Son günlerdeki yazılarım çok tuhaf ve karamsar gibi sanki.
Hey, beni suçlamayın! Okul stresi beynimin her köşesini hapsetmiş durumda.
Dün de o gün neler olduğu hakkında hiçbir şey yazmadım, çünkü hiçbir şey olmadı ve fark ettiğiniz gibi yazmayı unutmanın dışında, yayınlamayı da unuttum. Aferin bana!
Alkışlar, alkışlar, alkışlar...
Şu lastikler bir düşse o kadar rahat edeceğim ki. Be ile de konuştum bugün, tatildedir kendisi. Şezlongta keyif çatarken arı sokmuş onu, bensiz giderse tatile olacağı buydu yani!
Dediğime bakmayın, arılar bana düşmandır.
Tutturdu o da, yok diş telli fotoğrafımı istiyormuş. Diş telinin ne olduğunu merak ediyorsa, Eylül'den önce aynaya bakıp gülümsesin. Onun diş telleri Eylül gibi çıkacakmış.

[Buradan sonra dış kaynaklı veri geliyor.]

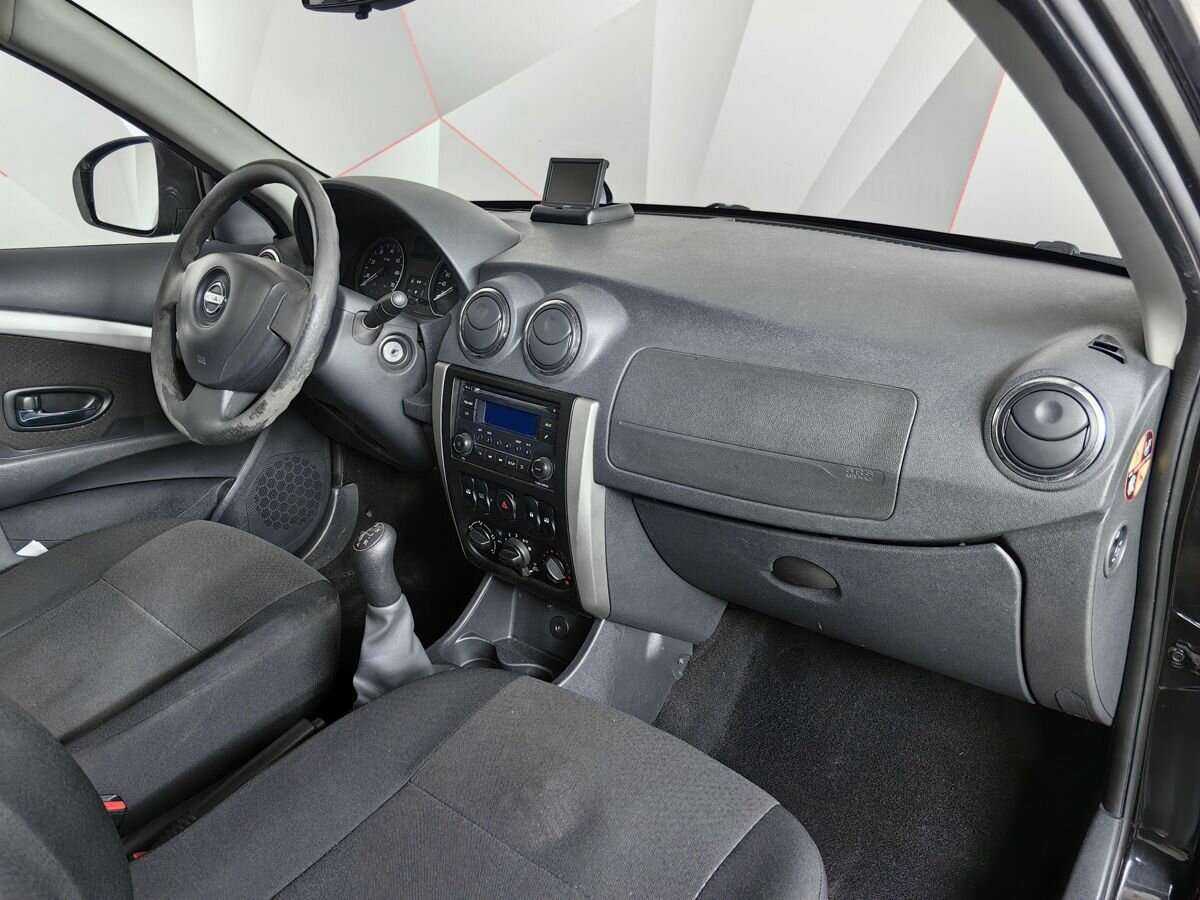 Nissan Almera б/у, 2018, Механическая. Фото: #8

Ben ne şansız, ne bahtsız biriyim ya. Bakar mısınız, dişlerim geç geliştiği için -marifet- sonuncu süt dişim birkaç ay öne çekildi, yani normal olarak ancak şimdi tel taktırabiliyoruz.

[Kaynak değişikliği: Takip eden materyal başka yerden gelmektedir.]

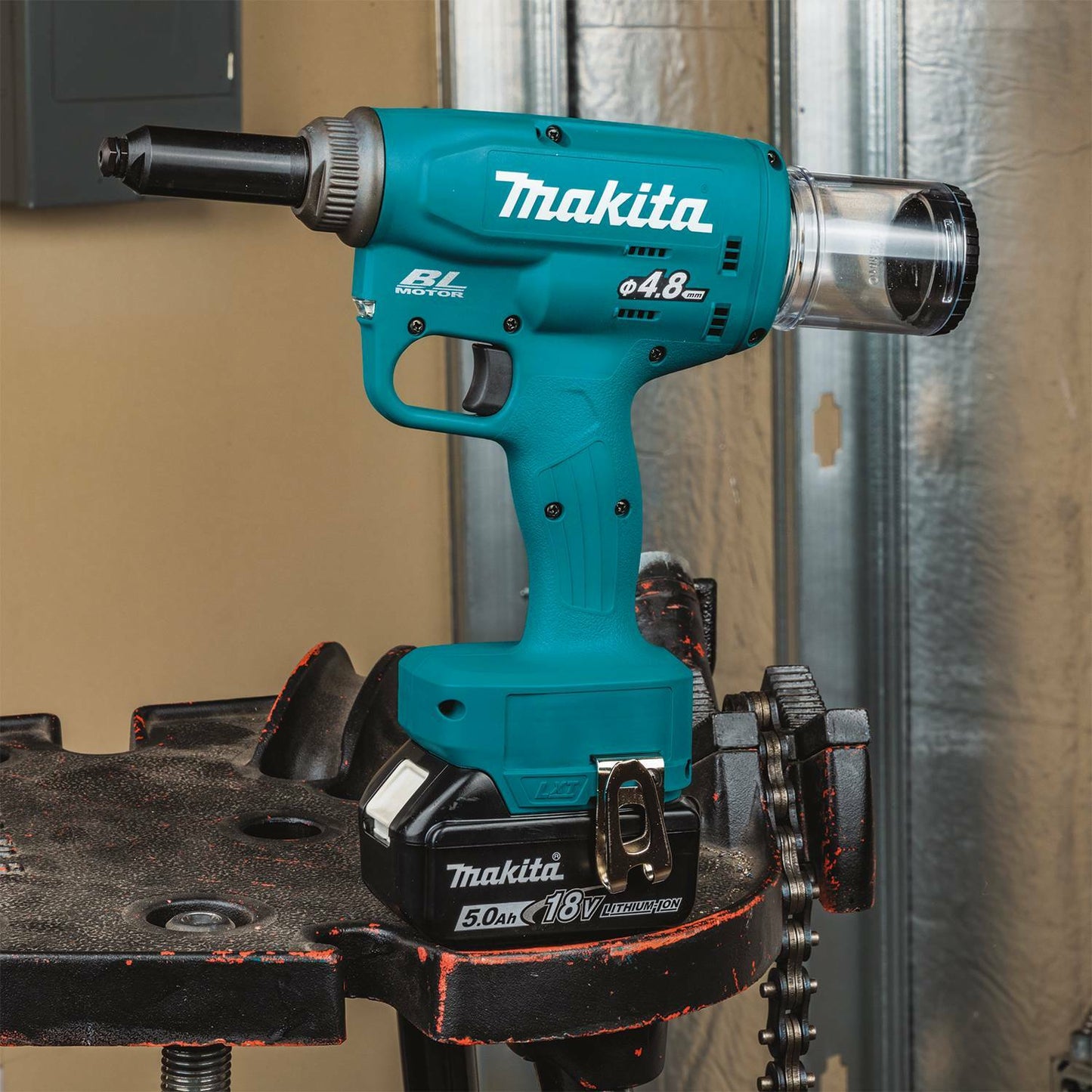 Makita XVR01T 18V LXT® Lithium‘Ion Brushless Cordless Rivet Tool Kit (5.0Ah)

27.08.14, gelecekteki benden not; Bugün annemin, dişlerim bir yaşına kadar -ki 1,5 yaşındayken "Aa, selam!" demeyi hatırladılar.- çıkmadığı için dişimin olup olmadığını görmek üzere röntgen çektirdiğini öğrendim.

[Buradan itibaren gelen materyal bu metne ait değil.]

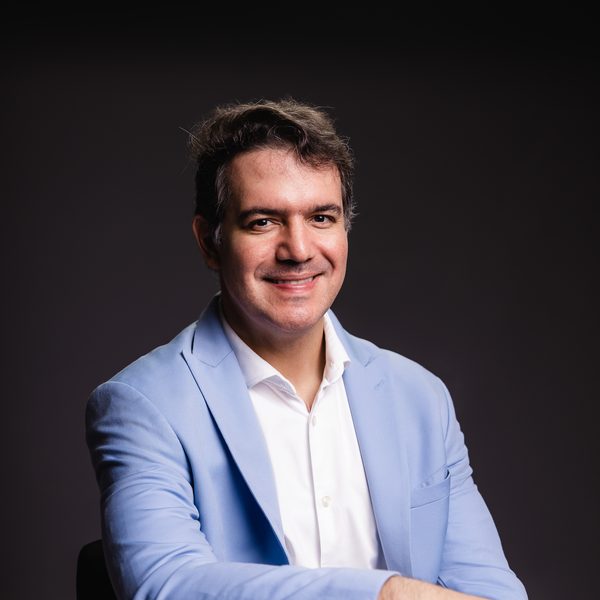 Dr. André Peixoto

En fazla bir sene takarmışım zaten, iyi güzel (şubat tatilinde çıkmazmış) Sekizinci sınıf çok tuhaf geçecek galiba. Hadi hayırlısı, diyelim ve yazıyı yayınlayayım!
-Yazılarımın uzunluğu kısaldığı için hepinizden özür diliyorum. Zaten okul başlayınca da çok sık yazamayacağım. Malum sınavlar, dersler... Hiç düşündürtmeyin.-

ŞİMDİ OKUDUĞUN
Bir Yazarın Hayatı
Non-FictionSayfaları çevirin ve hayatınızdaki parçalarla tekrar tanışın, çünkü bu; ❝benim hikayem❞ Bizim hikayemiz. »»» Durum şu; panonun önünde, birbirini ezmeye çalışan, bağırıp çağıran bir hayvan sürüsü var. "Sakin ol dostum, onlar senin okul arkadaşların...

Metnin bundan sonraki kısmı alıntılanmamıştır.